Select number of rows for each group where two column values makes one group
- by Fábio Antunes
I have a two select statements joined by UNION ALL. In the first statement a where clause gathers only rows that have been shown previously to the user. The second statement gathers all rows that haven't been shown to the user, therefore I end up with the viewed results first and non-viewed results after.
Of course this could simply be achieved with the same select statement using a simple ORDER BY, however the reason for two separate selects is simple after you realize what I hope to accomplish.
Consider the following structure and data.
+----+------+-----+--------+------+
| id | from | to | viewed | data |
+----+------+-----+--------+------+
| 1 | 1 | 10 | true | .... |
| 2 | 10 | 1 | true | .... |
| 3 | 1 | 10 | true | .... |
| 4 | 6 | 8 | true | .... |
| 5 | 1 | 10 | true | .... |
| 6 | 10 | 1 | true | .... |
| 7 | 8 | 6 | true | .... |
| 8 | 10 | 1 | true | .... |
| 9 | 6 | 8 | true | .... |
| 10 | 2 | 3 | true | .... |
| 11 | 1 | 10 | true | .... |
| 12 | 8 | 6 | true | .... |
| 13 | 10 | 1 | false | .... |
| 14 | 1 | 10 | false | .... |
| 15 | 6 | 8 | false | .... |
| 16 | 10 | 1 | false | .... |
| 17 | 8 | 6 | false | .... |
| 18 | 3 | 2 | false | .... |
+----+------+-----+--------+------+
Basically I wish all non viewed rows to be selected by the statement, that is accomplished by checking weather the viewed column is true or false, pretty simple and straightforward, nothing to worry here.
However when it comes to the rows already viewed, meaning the column viewed is TRUE, for those records I only want 3 rows to be returned for each group.
The appropriate result in this instance should be the 3 most recent rows of each group.
+----+------+-----+--------+------+
| id | from | to | viewed | data |
+----+------+-----+--------+------+
| 6 | 10 | 1 | true | .... |
| 7 | 8 | 6 | true | .... |
| 8 | 10 | 1 | true | .... |
| 9 | 6 | 8 | true | .... |
| 10 | 2 | 3 | true | .... |
| 11 | 1 | 10 | true | .... |
| 12 | 8 | 6 | true | .... |
+----+------+-----+--------+------+
As you see from the ideal result set we have three groups.

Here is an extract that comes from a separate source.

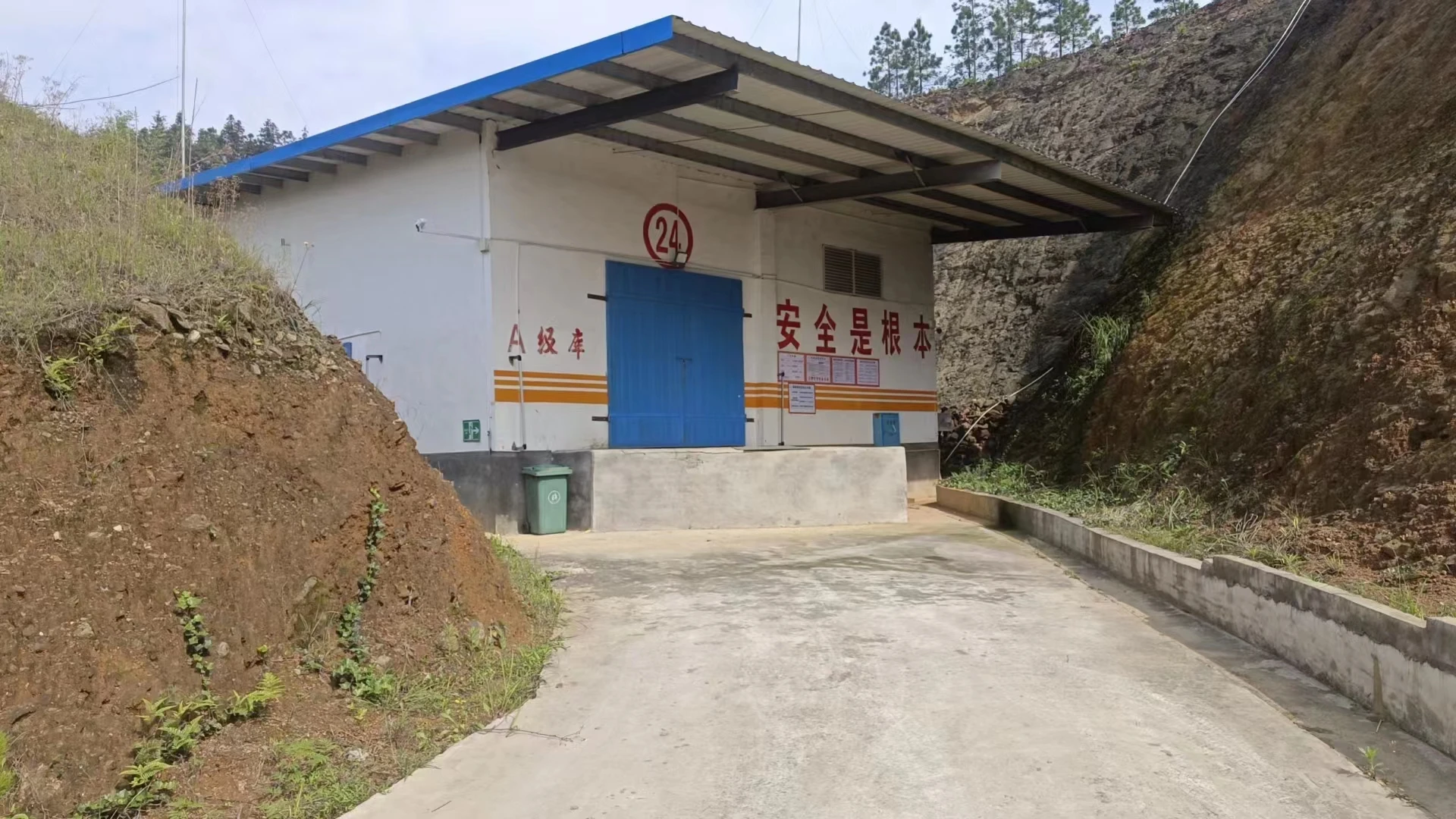 Hot Little Monster Eggshell Packaging Snaps Children's Fireworks Safe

Therefore the desired query for the viewed results should show a maximum of 3 rows for each grouping it finds. In this case these groupings were 10 with 1 and 8 with 6, both which had three rows to be shown, while the other group 2 with 3 only had one row to be shown.
Please note that where from = x and to = y, makes the same grouping as if it was from = y and to = x. Therefore considering the first grouping (10 with 1), from = 10 and to = 1 is the same group if it was from = 1 and to = 10.

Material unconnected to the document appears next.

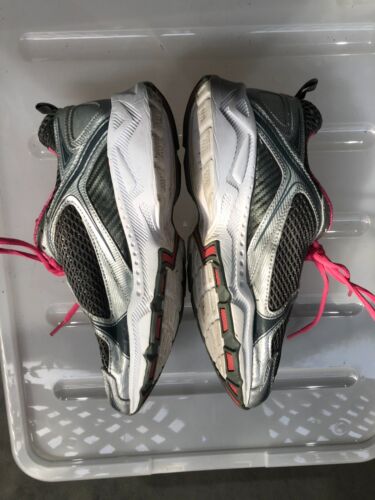 FILA DLS Womens US Size 9 Sneaker Running Shoes Silver Grey and Neon Pink - Picture 4 of 10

However there are plenty of groups in the whole table that I only wish the 3 most recent of each to be returned in the select statement, and thats my problem, I not sure how that can be accomplished in the most efficient way possible considering the table will have hundreds if not thousands of records at some point.
Thanks for your help.
Note: The columns id, from, to and viewed are indexed, that should help with performance.
PS: I'm unsure on how to name this question exactly, if you have a better idea, be my guest and edit the title.